#### Work to be completed:
Repeat the span of the entries below that starts at the line with "Business 1 image" and ends at the line with "sumomoページ SG025E-028 Hydraulic", nothing more. Skip the pictures.

#### Information given:
▽

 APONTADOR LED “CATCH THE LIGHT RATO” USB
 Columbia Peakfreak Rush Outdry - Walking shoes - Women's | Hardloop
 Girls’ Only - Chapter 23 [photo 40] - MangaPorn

△
▽

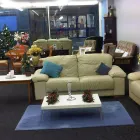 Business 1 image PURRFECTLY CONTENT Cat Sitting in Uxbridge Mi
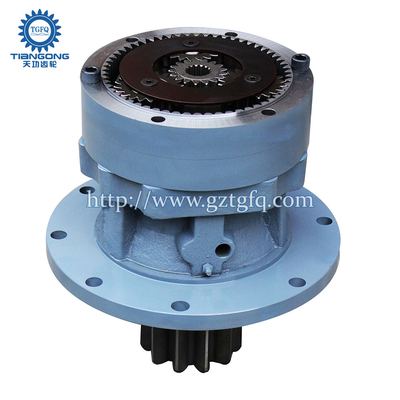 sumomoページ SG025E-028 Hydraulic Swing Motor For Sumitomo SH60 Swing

△
▽

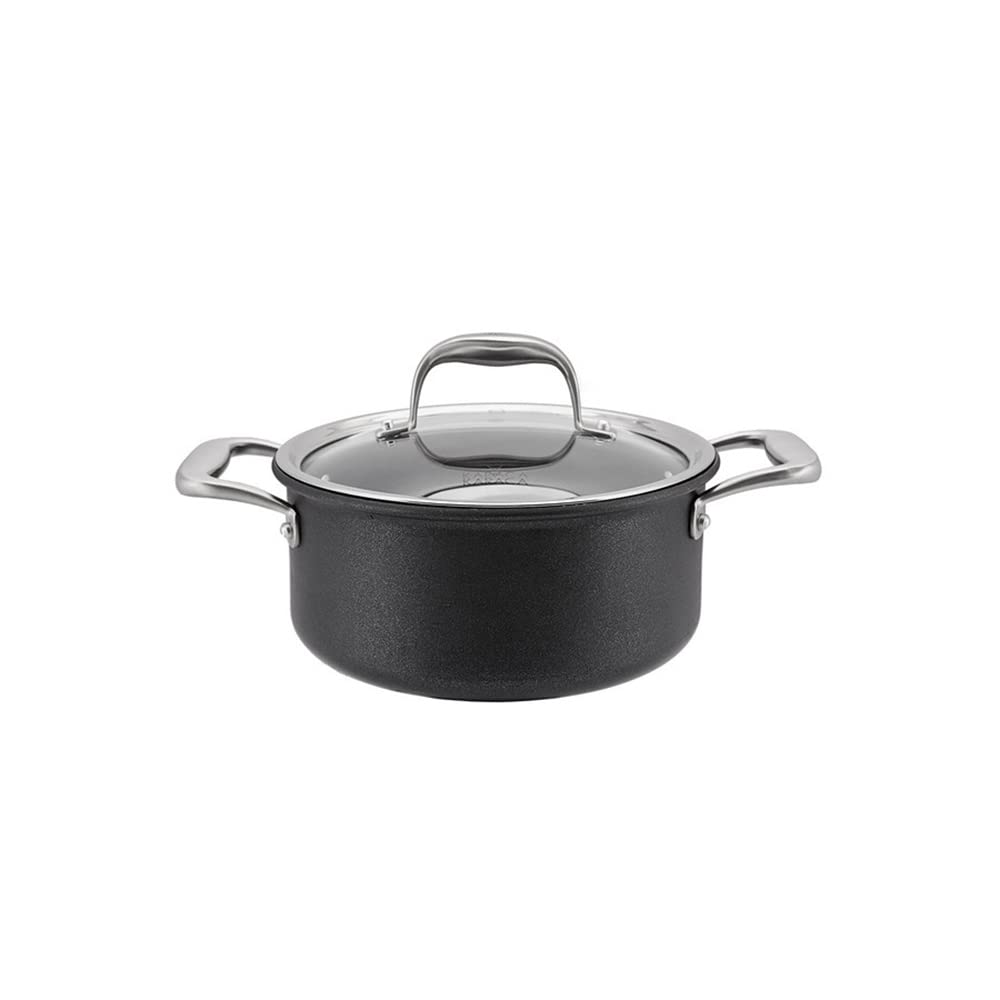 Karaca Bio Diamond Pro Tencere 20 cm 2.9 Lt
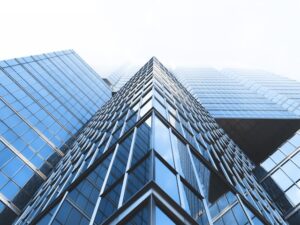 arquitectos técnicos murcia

△

#### Solution for this problem:
 Business 1 image PURRFECTLY CONTENT Cat Sitting in Uxbridge Mi
 sumomoページ SG025E-028 Hydraulic Swing Motor For Sumitomo SH60 Swing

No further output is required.